Nach der allgemeinen Einführung begann die Fragerunde. 29 Frauen und Männer meldeten sich in den drei Stunden zu Wort. Fast allen ging es um den Standort, aber auch um die Finanzierung, um die Integration und um die Zusammenarbeit mit Gundelfingen. In Bezug auf den Standort wurde kritisch hinterfragt, ob auch andere Grundstücke bewertet wurden. Johannes Grunau, Baurechtsexperte im Landratsamt, erläuterte, dass er in Heuweiler sechs Grundstücke baurechtlich bewertet hat. Lediglich zwei davon kämen für eine Flüchtlingsunterbringung in Frage: das Grundstück auf dem Kirchberg und ein weiteres am Eingang Heuweilers. "Das Grundstück wurde uns vom Besitzer für verträgliche Konditionen angeboten", erklärte daraufhin Bürgermeister Walz. Der Bau einer Flüchtlingsunterkunft wäre also auch dort möglich. Ein Großteil der anwesenden Bürger sprach sich eindeutig für das Grundstück am Ortseingang aus.

Im September will der Gemeinderat über das Grundstück beraten

Walz wird über dieses Grundstück in der Gemeinderatsitzung im September mit den Räten sprechen: nichtöffentlich. Es ist das einzige alternative Grundstück. Die anderen angebotenen liegen im Außenbereich – wofür es vom Landratsamt keine Baugenehmigung gibt. Das von den anwesenden Bürgern bevorzugte Grundstück gehört einer Privatperson und ist 1000 bis 1200 Quadratmeter groß. Die Gemeinde würde 800 Quadratmeter kaufen für den Bau einer Unterkunft. Kämmerer Harald Binz rechnete den Bürgern allerdings vor, dass Heuweiler keine weiteren größeren Kredite aufnehmen kann, denn sonst laufe die Gemeinde Gefahr, die Eigenständigkeit zu verlieren. Er glaubt auch nicht, dass der Gemeindeverband neue Großkredite erlauben würde.

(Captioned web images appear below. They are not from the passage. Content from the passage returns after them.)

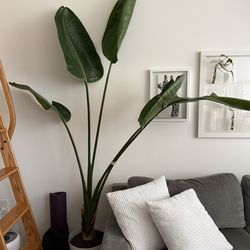 Bird of Paradise Live Plant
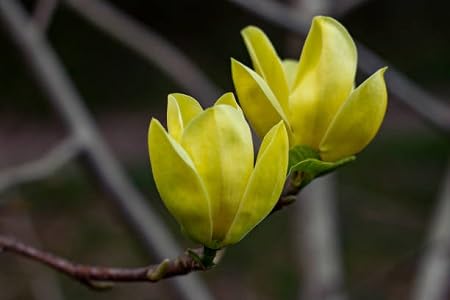 Yellow Magnolia Flower Seeds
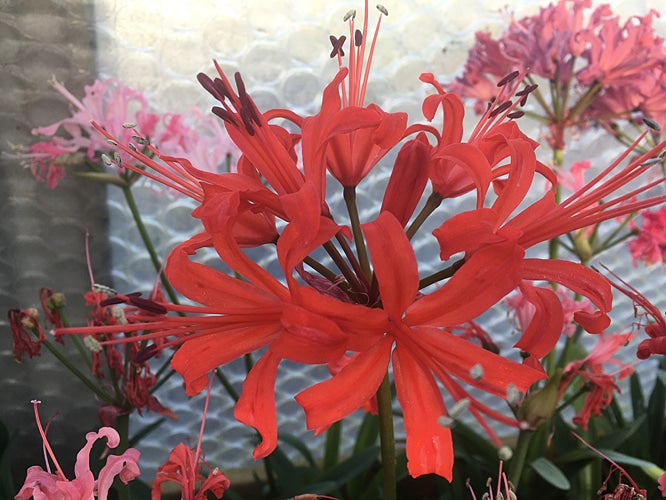 NERINE  'CARLOS'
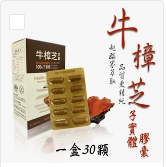 0305TW29-台灣保健品-牛樟芝子實體膠囊（E29）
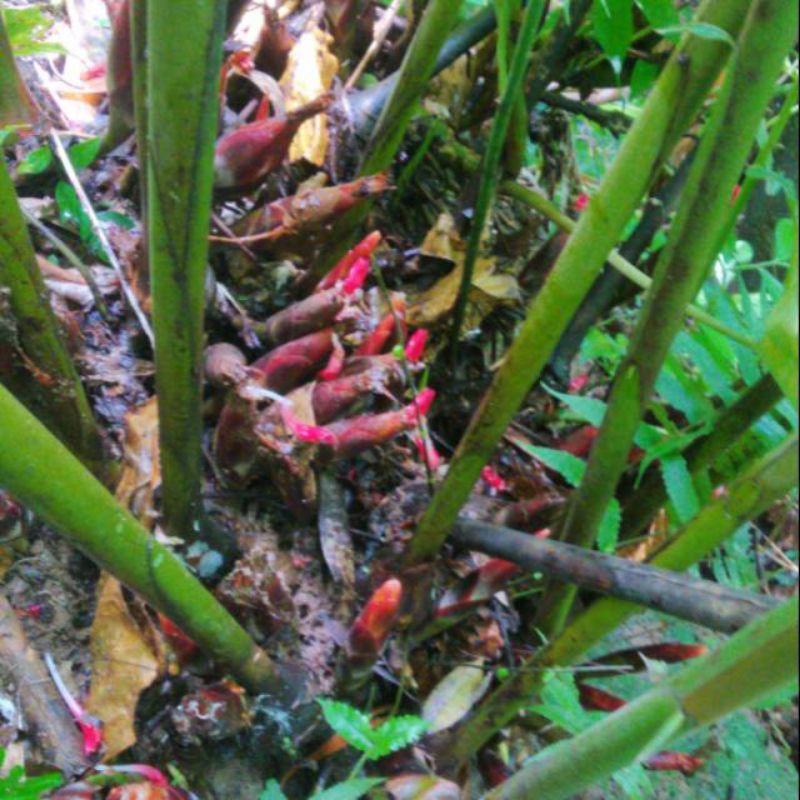 

Bibit pining bawang atau globe Almahera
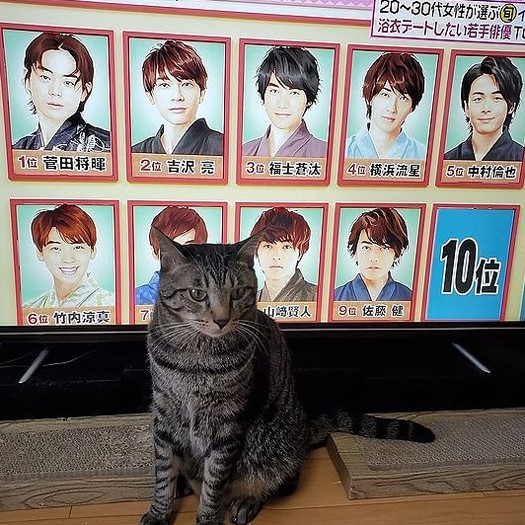 インスタの面白さはその時々の瞬間を切り取ること(テレビでデートしたい相手10位を決めるとき、はっぴーが「オレ」と画面の前に!)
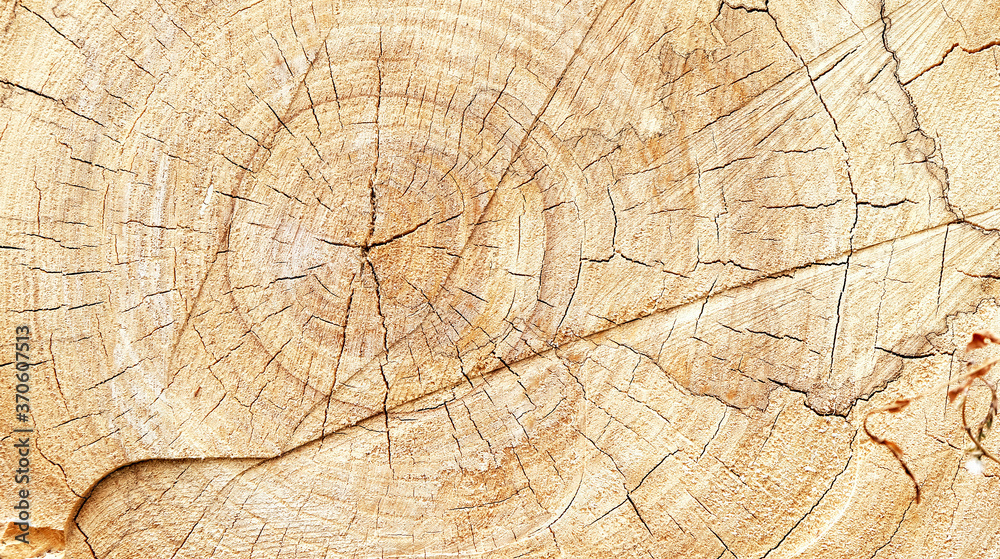 Naklejka premium wood background, saw cut tree trunk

Mancher Bürger machte seinem Ärger Luft – vor allem beim Thema Brandschutz im Hotel Laube, das als Unterkunft für Flüchtlinge im Gespräch war, nun laut Bürgermeister Walz für eine stattliche Summe zum Verkauf steht und damit nicht mehr diskussionswürdig sei. Eine Bürgerin wollte wissen, welche Folgekosten auf die Gemeinde zukommen, wenn die Flüchtlinge nicht in Heuweiler bleiben und die Wohnungen nicht vermietet werden. Es gab auch sehr viele wohlwollende Bemerkungen: "Wir könnten Arbeitsgruppen bilden und Gespräche mit Vermietern von leerstehenden Wohnungen führen", sagte eine Bürgerin. Die Unterbringung der Flüchtlinge in private Wohnungen wäre die Ideal-Lösung, verdeutlichte Stefan Kraushaar von der Gemeindeverwaltung. Mieter wären nicht die Flüchtlinge, sondern die Gemeinde. Alle Ängste und Befürchtungen konnte Walz zwar nicht ausräumen, am Ende bekam er für seine Erklärungen dennoch Applaus.